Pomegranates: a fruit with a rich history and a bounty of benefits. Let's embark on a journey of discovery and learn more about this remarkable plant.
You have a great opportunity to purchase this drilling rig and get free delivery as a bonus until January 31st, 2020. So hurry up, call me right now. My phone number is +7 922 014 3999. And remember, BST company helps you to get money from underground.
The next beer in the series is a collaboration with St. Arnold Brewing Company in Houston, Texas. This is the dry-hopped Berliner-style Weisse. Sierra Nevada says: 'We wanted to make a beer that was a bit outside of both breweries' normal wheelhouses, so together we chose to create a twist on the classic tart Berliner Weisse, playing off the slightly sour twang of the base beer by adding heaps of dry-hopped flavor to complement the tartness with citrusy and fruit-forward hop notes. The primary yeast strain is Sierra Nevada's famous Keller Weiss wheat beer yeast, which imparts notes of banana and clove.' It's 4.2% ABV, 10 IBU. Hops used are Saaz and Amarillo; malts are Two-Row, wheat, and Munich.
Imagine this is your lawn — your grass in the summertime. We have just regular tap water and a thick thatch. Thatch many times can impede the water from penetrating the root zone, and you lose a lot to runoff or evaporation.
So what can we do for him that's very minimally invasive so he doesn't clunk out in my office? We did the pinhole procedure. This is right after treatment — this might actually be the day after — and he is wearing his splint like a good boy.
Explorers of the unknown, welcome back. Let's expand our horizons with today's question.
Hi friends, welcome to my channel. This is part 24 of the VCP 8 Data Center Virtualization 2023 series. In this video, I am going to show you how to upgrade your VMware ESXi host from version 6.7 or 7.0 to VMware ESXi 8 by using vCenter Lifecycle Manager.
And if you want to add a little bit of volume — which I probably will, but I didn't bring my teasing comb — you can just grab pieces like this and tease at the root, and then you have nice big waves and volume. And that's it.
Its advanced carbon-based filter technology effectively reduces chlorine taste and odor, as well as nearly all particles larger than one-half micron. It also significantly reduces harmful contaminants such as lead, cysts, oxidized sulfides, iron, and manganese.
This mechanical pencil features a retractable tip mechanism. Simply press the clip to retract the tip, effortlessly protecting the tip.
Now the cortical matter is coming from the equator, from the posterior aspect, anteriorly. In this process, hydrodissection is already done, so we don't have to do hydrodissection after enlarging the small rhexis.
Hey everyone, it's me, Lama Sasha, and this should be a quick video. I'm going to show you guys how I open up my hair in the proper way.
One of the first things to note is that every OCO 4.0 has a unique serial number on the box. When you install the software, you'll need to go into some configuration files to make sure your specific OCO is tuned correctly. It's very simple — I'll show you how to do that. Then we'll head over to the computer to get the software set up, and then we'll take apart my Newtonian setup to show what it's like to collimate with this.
━━━━━━━━━━━━━━━━━━━━
Work task:
Select every line of the records holding the string "right".

Answer space:
You have a great opportunity to purchase this drilling rig and get free delivery as a bonus until January 31st, 2020. So hurry up, call me right now. My phone number is +7 922 014 3999. And remember, BST company helps you to get money from underground.
So what can we do for him that's very minimally invasive so he doesn't clunk out in my office? We did the pinhole procedure. This is right after treatment — this might actually be the day after — and he is wearing his splint like a good boy.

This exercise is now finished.